Every database team thinks it has backups. Far fewer have tested them. A company discovered, during a real disaster, that its nightly backups had been silently broken for months — and the data was gone. The cheapest insurance in computing is the one habit they'd skipped: restoring.

Background

A company ran a nightly pg_dump of its production database to a backup server. The job had been set up years ago, ran every night, reported success, and the resulting files appeared on disk. Everyone believed the database was safely backed up. Backups were, in everyone's mind, "handled."

Then disaster struck: a storage failure corrupted the production database beyond repair. No problem — restore from last night's backup. Except, when they tried, the restore failed.

What had gone wrong (silently, for months)

Investigation revealed the backups had been broken for months:

  • A schema change long ago had introduced an object the backup job's options didn't capture correctly, so recent dumps were incomplete — missing data — but the job still exited "successfully."
  • The backup files existed and were the expected size-ish, so nobody suspected anything. The job's "success" was about running, not about producing a restorable backup.
  • Because no one had ever restored a backup to verify it, the breakage was invisible. Each night produced another unusable file, and everyone's confidence grew while their actual recoverability was zero.

The result: months-old data at best, and significant permanent loss.
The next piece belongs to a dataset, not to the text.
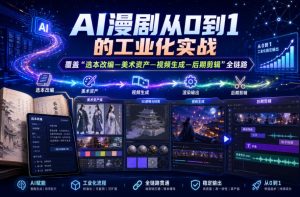 AI漫剧从0到1的工业化实战，覆盖“选本改编—美术资产—视频生成—后期剪辑”全链路（更新6月）-副业资源站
A recoverable incident became a business catastrophe — entirely because the backups, though present, were never tested.

What should have happened

The principle from this chapter: a backup you have never restored is a hope, not a backup. The fix is a restore discipline, not just a backup one:

  1. Automated test-restores. A scheduled job that takes the latest backup, restores it to a scratch environment, and verifies it — row counts, key tables present, a checksum or smoke-test query. If the restore fails or the data looks wrong, alert immediately. This turns a silently-broken backup into a same-day alert.
  2. Monitor backup validity, not just completion. "The job ran" ≠ "the backup is restorable." Verify the output.
  3. 3-2-1 — 3 copies, 2 media, 1 off-site (and ideally immutable), so a single failure (or ransomware) can't take out both production and the backups.
  4. Document and rehearse the recovery procedure — a runbook the team has actually practiced, so recovery during a real incident is calm and fast, not improvised.

After the disaster, the company implemented automated nightly test-restores. Within weeks, the restore job caught a new backup problem — and this time it was an alert and a fix, not a catastrophe.

The analysis

  1. Backups fail silently. A backup job can "succeed" while producing an incomplete or corrupt file — misconfigured options, a schema change, a full disk, a permissions issue. The only proof a backup works is restoring it. "We have backups" is a dangerous belief without "we have tested restores."

  2. Test-restore is the single most important backup practice. It's the one habit that converts "backups exist" into "we can actually recover." Automate it, verify the data, and alert on failure — so a broken backup is caught in days, not discovered in a disaster.

  3. Monitor validity, not completion. Success of the job is not success of the backup. Verify the restored data (counts, key tables, smoke tests). A green checkmark on the cron job lulled this team for months.

  4. 3-2-1 protects against correlated failure. Backups on the same system/site as production can be lost with production (hardware failure, ransomware). Multiple copies, media, and an off-site/immutable one ensure a single event can't destroy both.

  5. Recovery is a rehearsed procedure. During a real incident is the worst time to figure out how to restore. A documented, practiced runbook makes recovery fast and reliable. (This connects to backups-as-security, Chapter 32.)

Discussion questions

  1. How could the backup job "succeed" every night while producing unrestorable backups?
  2. Why did the absence of test-restores make the breakage invisible for months?
  3. What's the difference between monitoring backup completion and backup validity?
  4. How does 3-2-1 protect against a scenario where production and backups are lost together?
  5. ⭐ Design an automated test-restore + alerting process. What exactly would it verify, and how often?